中村:われわれとしては、センシングから見たソリューションとしてIoTのことをIoS(センシングソリューションのインターネット)と呼んでいます。いままではハードウェア単体よりもセンサが使われているソリューションを見据えて、われわれがどこでどう売れば世の中の役に立つかを考えていました。たとえば、まず事故を減らすといった意識改革などです。ハードウェアだけで事故が減らせるわけではなく、人間の気付きなどが入って初めてトータル的に成されるものです。すなわち、人間の意識をどう変えるかが原点だと思い、そういったことに役立つものをこれからも開発していきたいと思っています。開発は結構苦労しており、今後はリアルタイムOSを載せるかという議論していますが、やはり載せて行かないと開発効率が悪いのも事実です。

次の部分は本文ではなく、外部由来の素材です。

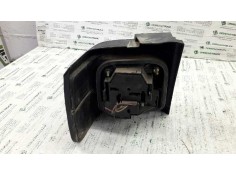 Recambio de piloto trasero derecho para volkswagen passat berlina (312) 1.8 referencia OEM IAM 357945258   2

深田:最新製品のGiant Geckoはフラッシュメモリ2Mバイトを搭載し、豊富なインタフェースを取り揃えています(図2)。また、昨年買収したMicrium社のリアルタイムOSであるMicrium OSを標準搭載していきます。このOSによって無線モジュールでも時分割でマルチプロトコルを実現できるようになります。たとえば、ZigBeeとサブギガ、ZigBeeとBluetoothなど、そのプラットフォームとしてMicrium OSは中心的な役割を果たすことになります。これまで有償のリアルタイムOSとしてMicrium OSはワールドワイドで高いシェアを持っていますが、今後はシリコンラボのマイコンを使う場合、無償でお使いいただけるようになりました。このようにデバイスだけでなく、OSやツールといったトータルソリューションでお客様の要求にお応えしていきます。
――本日はありがとうございました。
APS EYE’S
圧倒的な低消費電力性能を誇るGeckoシリーズがもたらす恩恵と高いセンシング技術に裏付けされたセーフメータ。加速と制動を数値化することで、ゲーム性を持たせ、安全運転への課題に取り組むアイデアが面白い。シンプルなUIに仕立てたのは、高度な技術と経験の表れなのだろう。